AstraZeneca Hopes To File For Emergency Use Authorization Of Its COVID Vaccine Within A Few Weeks

As the U.S. continues to battle the coronavirus pandemic, it could soon have a new source of hope: a fourth vaccine. An executive at AstraZeneca told CBS News on Friday that the company plans to file for emergency use authorization of its vaccine in the coming weeks, pending the results of a clinical trial. 

Ruud Dobber, executive vice president at AstraZeneca, told CBSN anchor Tanya Rivero on Friday that the drugmaker hopes to receive the results of its clinical trial "in the next few weeks." It then plans on immediately seeking emergency use authorization for its two-dose vaccine from the Food and Drug Administration, he said. If authorized, he said AstraZeneca is prepared to deliver tens of millions of doses to the U.S. 

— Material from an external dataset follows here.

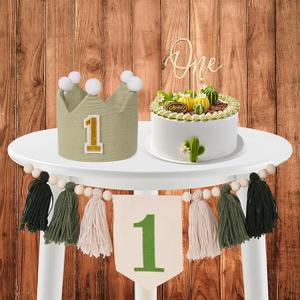 Bohemian High Chair Banner Decoration Set - Wooden Beads Tassel Green Crown Hat for 1st Birthday Party With Cake Insert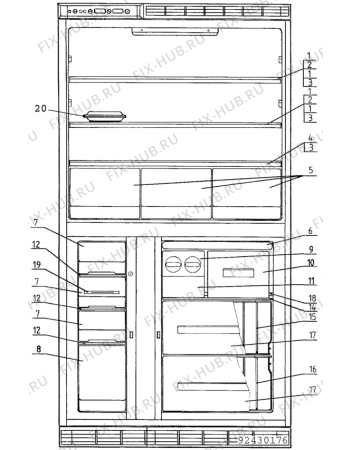 Взрыв-схема холодильника Electrolux TR1800G - Схема узла C10 Interior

"In the first months after the [authorization], we're planning to deliver roughly 50 million doses instantly to Americans," Dobber said. 

Aside from the Oxford-AstraZeneca vaccine, three other vaccines have already been approved for use in the U.S.: Moderna's and Pfizer's, which are both two doses, and Johnson & Johnson's, which requires only one dose. 

The AstraZeneca vaccine is already being administered internationally, after it received the go-ahead from the European Union, the U.K. and the World Health Organization in recent months. 

Dobber said AstraZeneca's current vaccine may prove effective against at least one of the emerging mutations of the disease. 

"We're very hopeful that it's very effective against the U.K. variant," he said. 

The company is already "developing a potential new vaccine in case our current vaccine is not as effective as we were hoping for," Dobber said.